Excerpted data below:
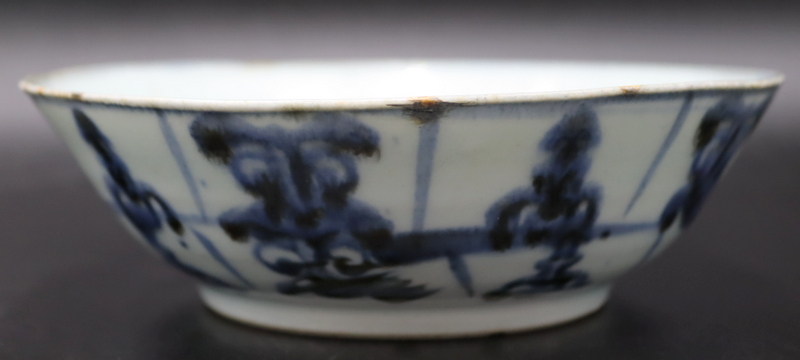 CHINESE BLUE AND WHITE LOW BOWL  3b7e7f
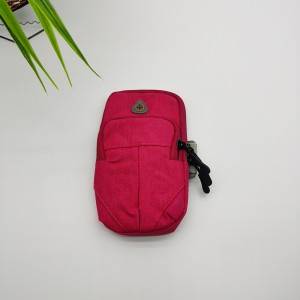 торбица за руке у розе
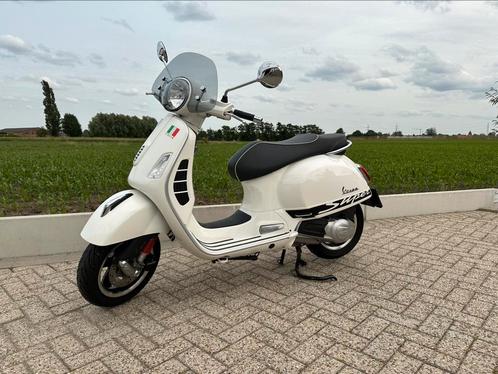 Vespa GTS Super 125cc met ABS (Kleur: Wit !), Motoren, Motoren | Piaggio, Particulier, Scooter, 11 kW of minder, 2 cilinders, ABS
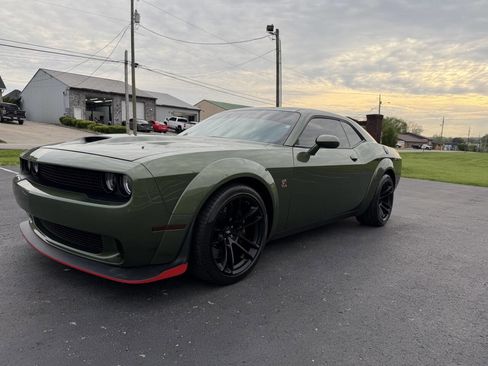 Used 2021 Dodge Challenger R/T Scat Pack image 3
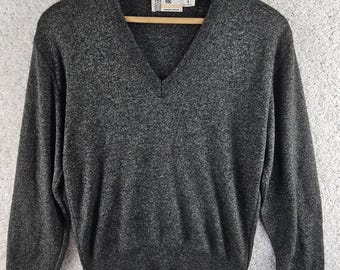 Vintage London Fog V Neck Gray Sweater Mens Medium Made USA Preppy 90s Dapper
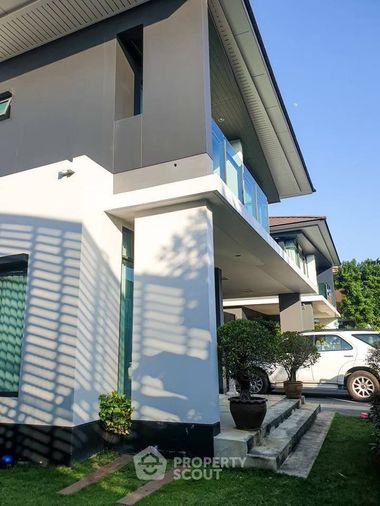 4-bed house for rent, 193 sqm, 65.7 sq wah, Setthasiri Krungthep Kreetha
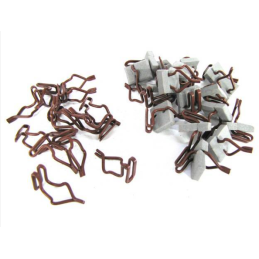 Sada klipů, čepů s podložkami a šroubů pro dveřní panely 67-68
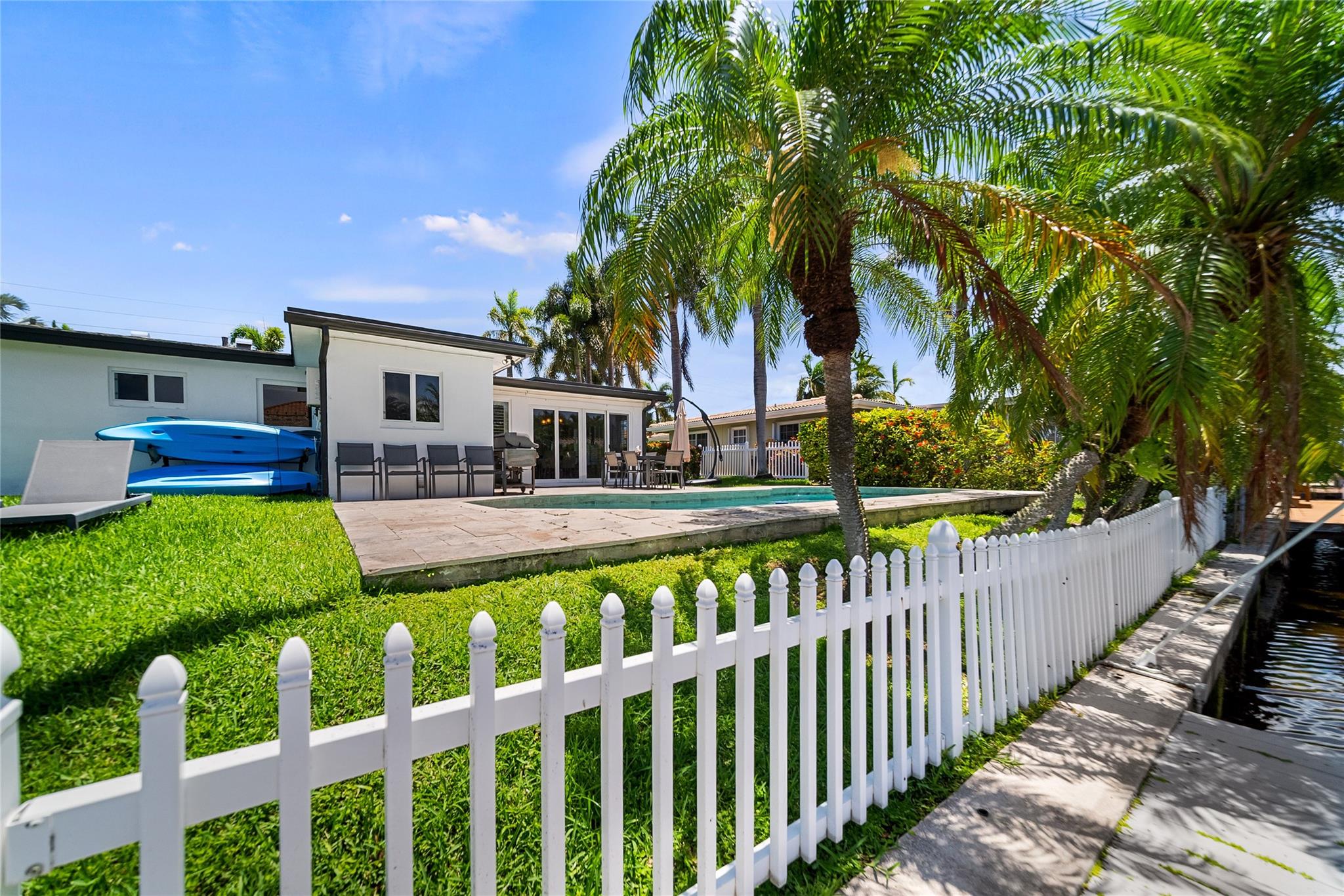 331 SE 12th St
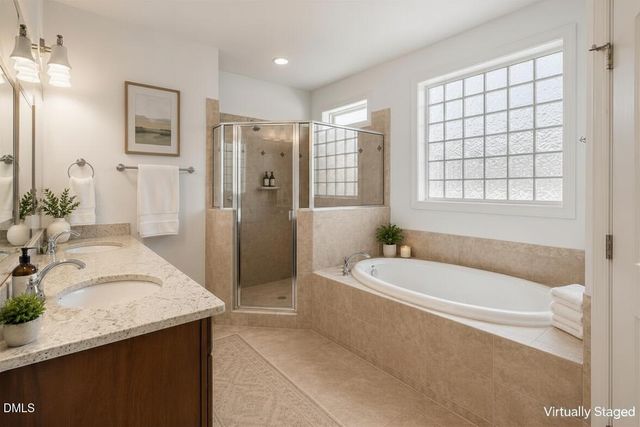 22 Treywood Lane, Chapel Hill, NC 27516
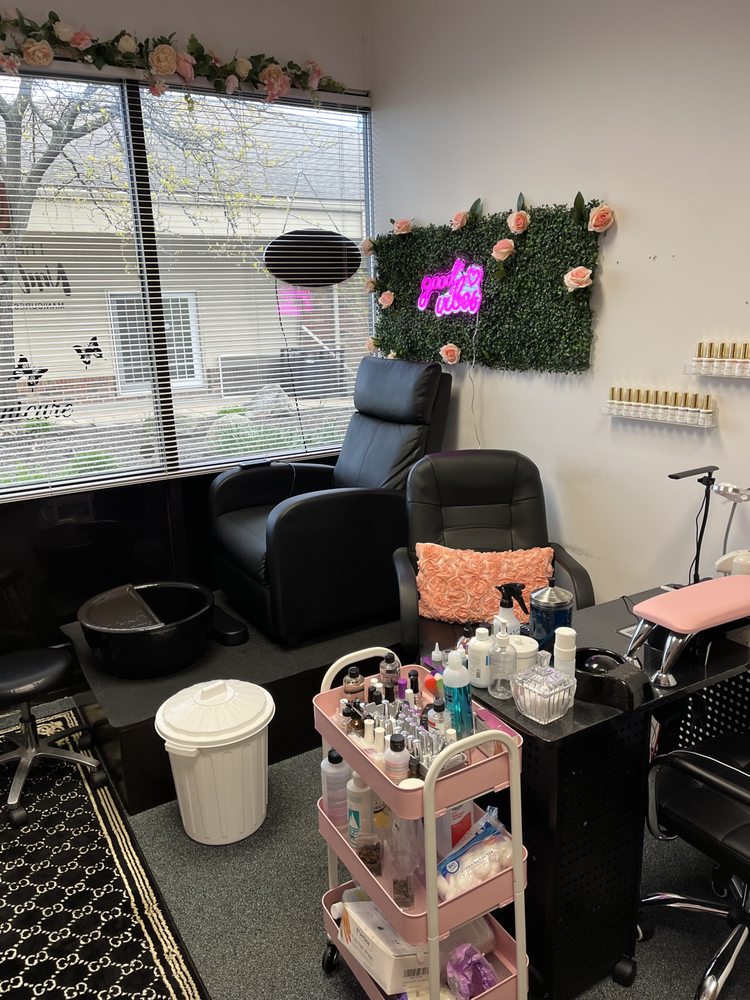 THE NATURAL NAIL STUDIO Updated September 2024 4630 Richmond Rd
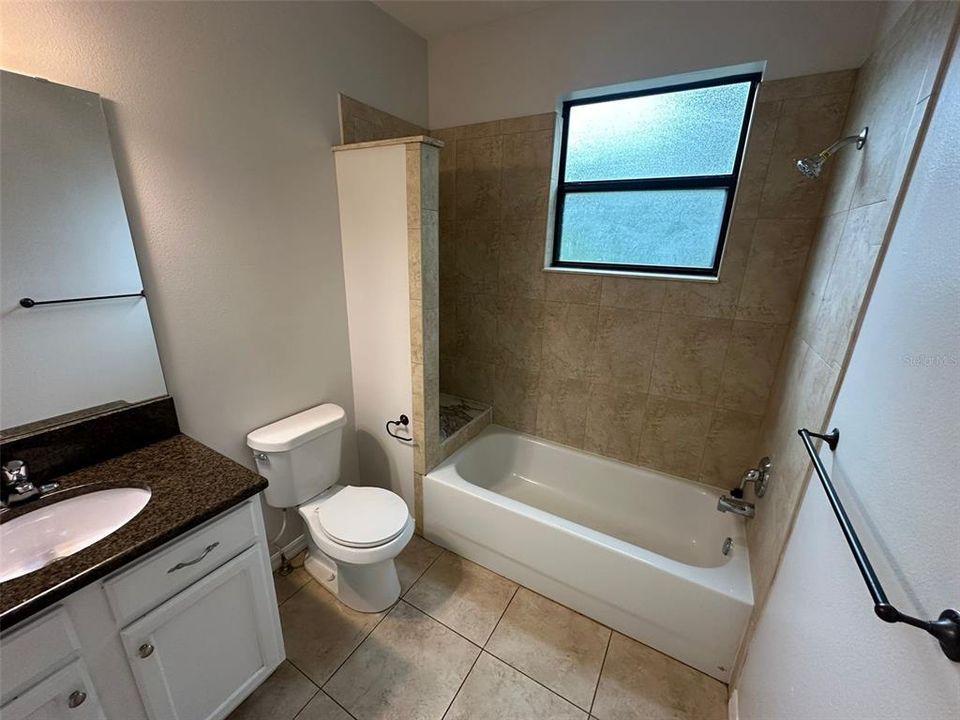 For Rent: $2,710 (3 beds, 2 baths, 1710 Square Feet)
End of Excerpted data.
Starting with the line that contains "Used 2021 Dodge", repeat each line exactly through the last line of the data above, and nothing more; the pictures stay out.

 Used 2021 Dodge Challenger R/T Scat Pack image 3
 Vintage London Fog V Neck Gray Sweater Mens Medium Made USA Preppy 90s Dapper
 4-bed house for rent, 193 sqm, 65.7 sq wah, Setthasiri Krungthep Kreetha
 Sada klipů, čepů s podložkami a šroubů pro dveřní panely 67-68
 331 SE 12th St
 22 Treywood Lane, Chapel Hill, NC 27516
 THE NATURAL NAIL STUDIO Updated September 2024 4630 Richmond Rd
 For Rent: $2,710 (3 beds, 2 baths, 1710 Square Feet)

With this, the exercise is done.